FIG. 1 shows the flowchart of the line network;
FIG. 2 shows a flowchart of the entire line network vectorization;
FIG. 3 shows the algorithm to locate the seed segments on a line;
FIG. 4 shows the algorithm for tracking the line path;
FIG. 5 shows a line with various intersections;
FIG. 6 shows the line once the vectorized portions of the line have been deleted;
FIG. 7 shows a simple line network in the bitmap image.
FIG. 8a-g shows the result of vectorization of the first line in the line network and each type of intersection detected along this line.
FIG. 3 shows an enlarged portion of an oblique line (1) with a vertical line (2). At the first black pixel (3) a series of squares (4) and (5) are generated by the central processing unit. The size of the smallest square (4) is twice the width of the line (1). If the central processing unit determines that there is a set of adjacent intersections between the bitmap and the squares which have the same or approximately the same lengths (6) then the central points of the intersections will determine the longer axis of a rectangular area of points which will form the seed segment.
FIG. 4 shows a seed segment (7) which has been determined by the central processing unit in accordance with the above process.

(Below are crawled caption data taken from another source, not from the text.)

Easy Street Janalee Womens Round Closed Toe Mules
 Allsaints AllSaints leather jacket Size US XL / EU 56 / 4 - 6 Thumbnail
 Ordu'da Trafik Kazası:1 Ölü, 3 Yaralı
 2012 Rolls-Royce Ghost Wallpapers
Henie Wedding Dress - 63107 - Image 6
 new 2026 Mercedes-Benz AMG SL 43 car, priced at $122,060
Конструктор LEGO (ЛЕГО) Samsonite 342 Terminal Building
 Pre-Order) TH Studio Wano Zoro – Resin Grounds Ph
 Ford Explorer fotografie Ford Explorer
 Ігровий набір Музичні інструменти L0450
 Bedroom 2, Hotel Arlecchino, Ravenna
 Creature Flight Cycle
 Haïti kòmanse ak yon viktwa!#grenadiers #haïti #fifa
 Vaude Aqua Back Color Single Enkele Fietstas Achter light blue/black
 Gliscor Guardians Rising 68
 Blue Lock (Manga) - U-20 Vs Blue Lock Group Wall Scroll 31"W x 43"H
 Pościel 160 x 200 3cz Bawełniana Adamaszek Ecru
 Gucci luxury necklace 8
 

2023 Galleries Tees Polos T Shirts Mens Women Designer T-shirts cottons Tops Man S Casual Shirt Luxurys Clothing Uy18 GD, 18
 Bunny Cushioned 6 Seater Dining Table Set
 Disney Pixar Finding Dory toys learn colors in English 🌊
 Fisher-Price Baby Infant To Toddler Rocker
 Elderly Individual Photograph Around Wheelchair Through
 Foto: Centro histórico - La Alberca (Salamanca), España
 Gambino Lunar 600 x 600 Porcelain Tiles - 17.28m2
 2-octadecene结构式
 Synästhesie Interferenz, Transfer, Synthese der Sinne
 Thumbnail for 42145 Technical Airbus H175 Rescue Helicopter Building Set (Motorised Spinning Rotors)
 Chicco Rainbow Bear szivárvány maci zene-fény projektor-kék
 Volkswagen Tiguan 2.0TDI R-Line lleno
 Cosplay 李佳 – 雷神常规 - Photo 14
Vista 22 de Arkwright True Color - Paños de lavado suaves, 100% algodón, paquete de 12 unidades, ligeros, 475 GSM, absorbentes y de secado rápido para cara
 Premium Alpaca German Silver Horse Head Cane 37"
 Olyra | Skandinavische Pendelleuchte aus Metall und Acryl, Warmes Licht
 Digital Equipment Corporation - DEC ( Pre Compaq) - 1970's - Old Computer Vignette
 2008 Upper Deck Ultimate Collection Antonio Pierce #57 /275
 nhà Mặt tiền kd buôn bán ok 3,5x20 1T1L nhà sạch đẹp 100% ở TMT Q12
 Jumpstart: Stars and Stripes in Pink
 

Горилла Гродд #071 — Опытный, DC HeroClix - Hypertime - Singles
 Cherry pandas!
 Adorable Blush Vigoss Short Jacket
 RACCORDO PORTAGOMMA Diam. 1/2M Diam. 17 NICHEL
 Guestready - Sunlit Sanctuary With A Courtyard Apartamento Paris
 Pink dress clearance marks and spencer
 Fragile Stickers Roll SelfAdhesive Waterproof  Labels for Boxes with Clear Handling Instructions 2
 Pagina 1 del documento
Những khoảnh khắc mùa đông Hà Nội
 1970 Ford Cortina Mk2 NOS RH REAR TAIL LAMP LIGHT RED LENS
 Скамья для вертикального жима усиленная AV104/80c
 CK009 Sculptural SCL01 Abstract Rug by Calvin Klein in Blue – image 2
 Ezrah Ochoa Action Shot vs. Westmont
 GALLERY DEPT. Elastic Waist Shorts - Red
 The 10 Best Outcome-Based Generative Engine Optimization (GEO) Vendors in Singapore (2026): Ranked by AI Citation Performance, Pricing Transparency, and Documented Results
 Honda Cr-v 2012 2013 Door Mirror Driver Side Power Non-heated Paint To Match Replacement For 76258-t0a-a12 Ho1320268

A set of scan lines (8) which are perpendicular to the longitudinal axis of the seed segment are generated by the central processing unit along the current line path (9). If the perpendicular runs (10) are divided by the points equally then the line path is deemed to be correct.
FIG. 5 shows a line (11) that has been recognized. Various intersections (12) in the line are detected and the central processing unit then further analyses these intersections to determine the type of intersection it is. The central axis of the line (13) is determined by the central processing unit to further analyze the intersections.
 Once the line has been recognized then it be seen from FIG. 6 that the portions of the line that have been recognized and which have no intersections (15) are erased. Where there are intersections (12) then the appropriate portion of the recognized line is erased depending on the type of the intersection and whether the intersection is on one or both sides of the central axis (13) of the line. Where the intersection is only on one side of the recognized line (14) then the area below that line is erased (16) following the contours of the intersection.
FIG. 7 shows the result of vectorization of the first line in the line network and each type of intersection detected along this line.
FIG. 8a shows the gray lines (17) are raster image and the black line at the bottom (18) is the vectorized line with its corresponding bitmap erased. Various intersection points (19, 20 and 21) are found along the vectorized line being an oblique intersection, a complex intersection and perpendicular intersection respectively.
FIG. 8-b to 8-f show the vectorization of every successive lines (18) in order. This order is determined by the order of intersections being pushed into the stacks.
FIG. 8-g shows that once the lines in the bitmap image have been recognized, the bitmap corresponding to lines will be erased from the image. On this basis, the symbols and character strings could be recognized in accordance with predefined algorithms without the interfering of lines.